══ Task data ══

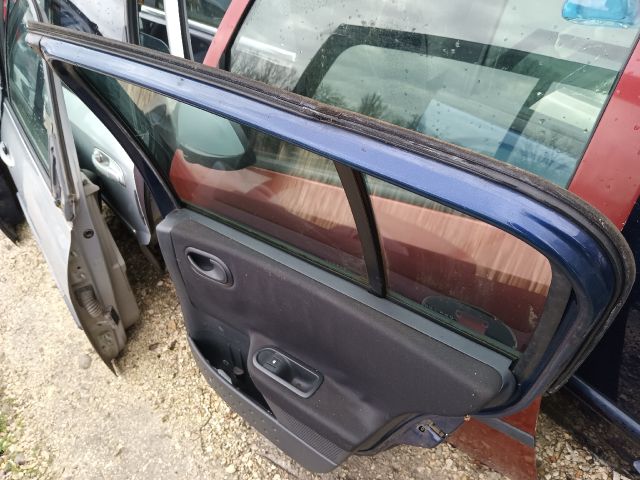 bontott RENAULT MEGANE II Jobb hátsó Ajtó (Részeivel)
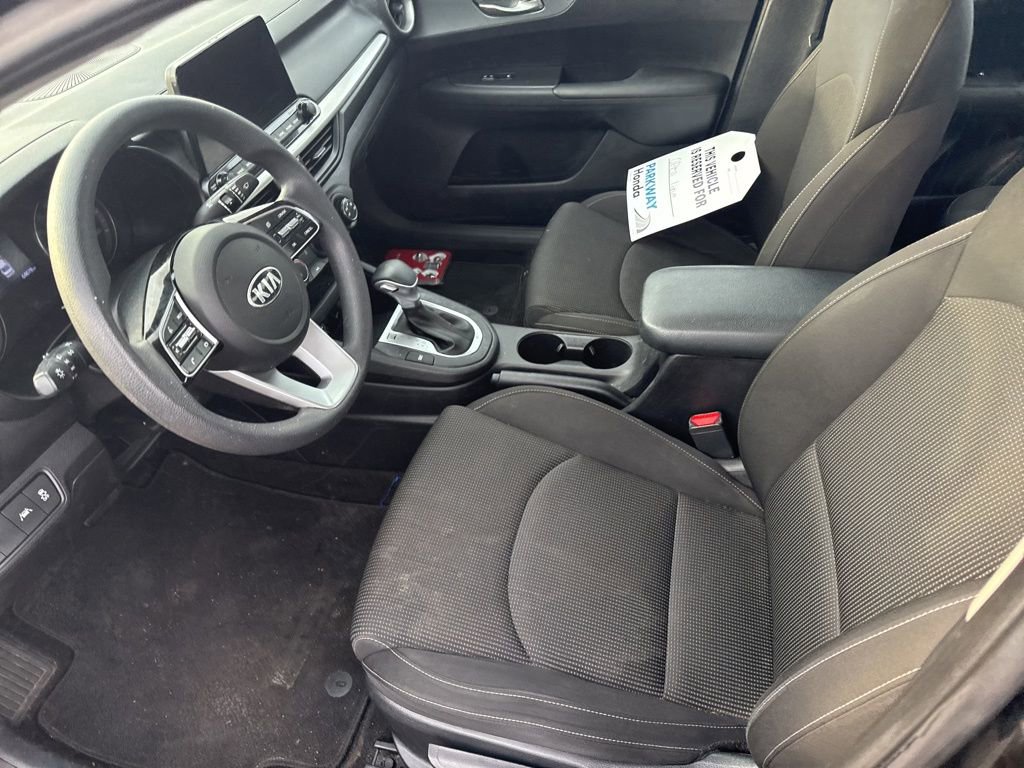 Used 2021 Kia Forte LXS image 13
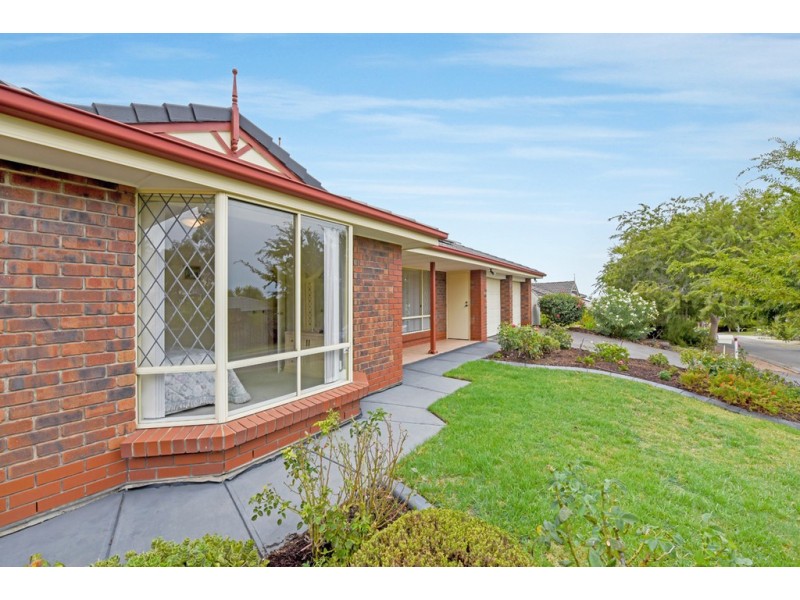 10 Raleigh Lane, Seaford Rise SA 5169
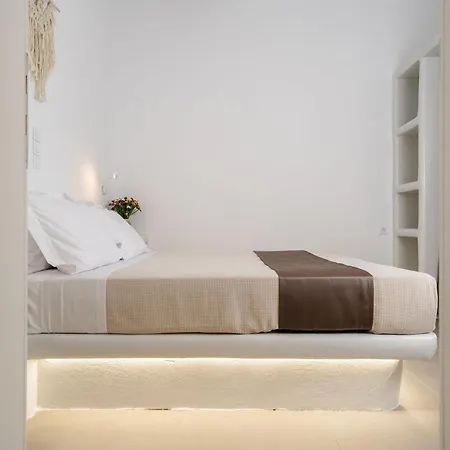 Bee Naxian House Holiday home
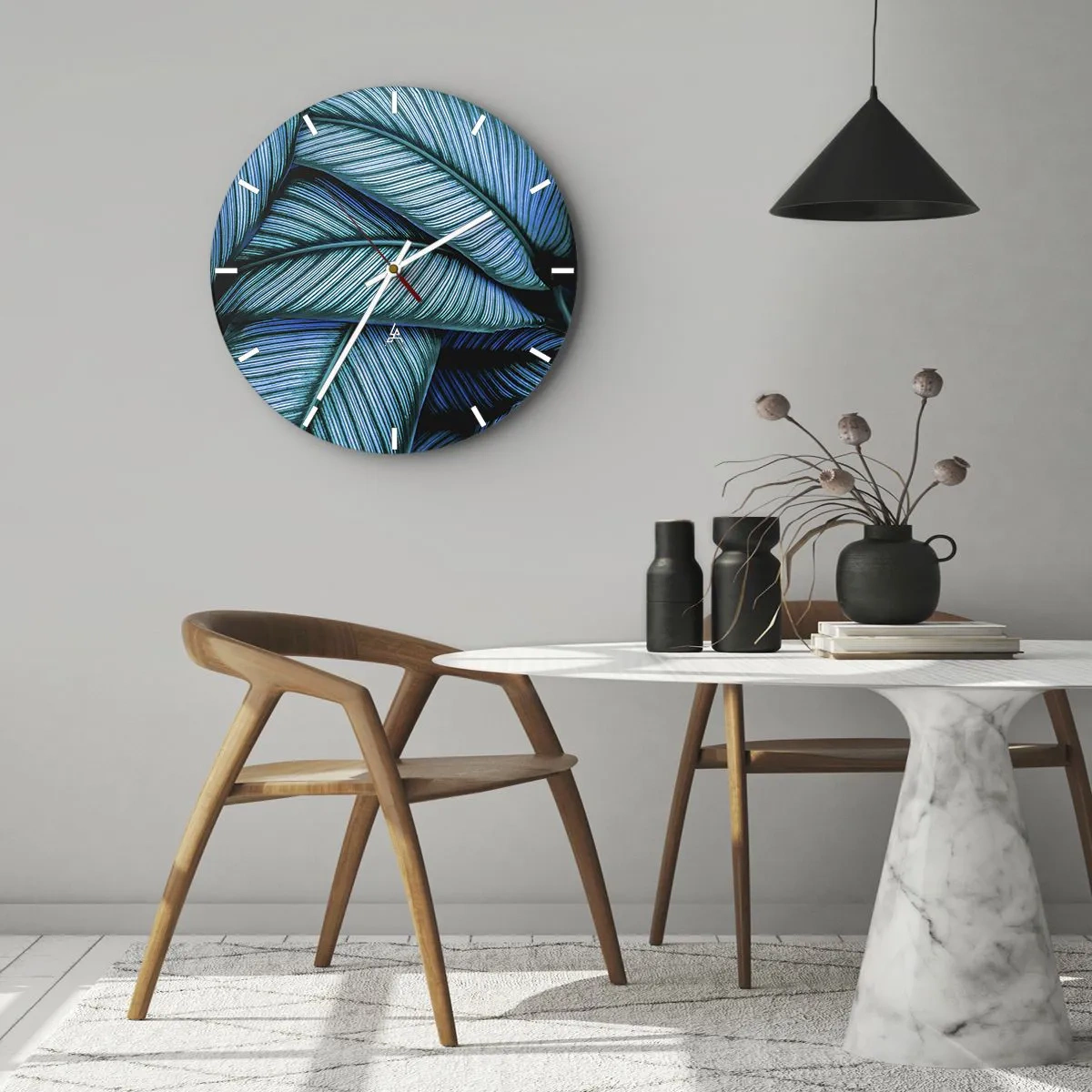 Falióra, Óra - Türkiz és sötétkék árnyalatú tollak közeli képe - 30x30cm - Életvonalak - Modern fali dekoráció nappalihoz, konyhához és hálószobához ARTTOR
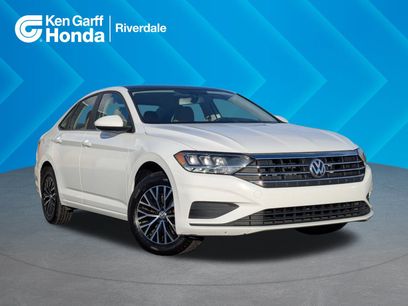 Used 2020 Volkswagen Jetta SE w/ SE Cold Weather Package
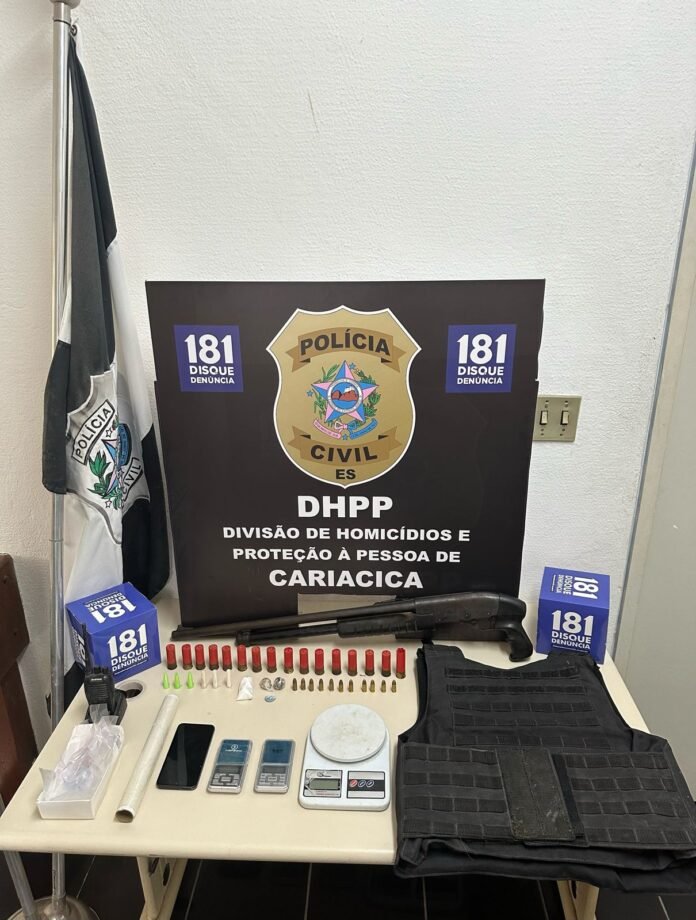DHPP de Cariacica prende suspeito e apreende arma, munições e drogas em Nova Esperança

═══

_Your assignment_
From the line holding "10 Raleigh Lane, Seaford Rise SA 5169" to the last line of the listing, please output each line exactly as it stands. Pictures stay out of the copy.

_Output of the exercise_
 10 Raleigh Lane, Seaford Rise SA 5169
 Bee Naxian House Holiday home
 Falióra, Óra - Türkiz és sötétkék árnyalatú tollak közeli képe - 30x30cm - Életvonalak - Modern fali dekoráció nappalihoz, konyhához és hálószobához ARTTOR
 Used 2020 Volkswagen Jetta SE w/ SE Cold Weather Package
DHPP de Cariacica prende suspeito e apreende arma, munições e drogas em Nova Esperança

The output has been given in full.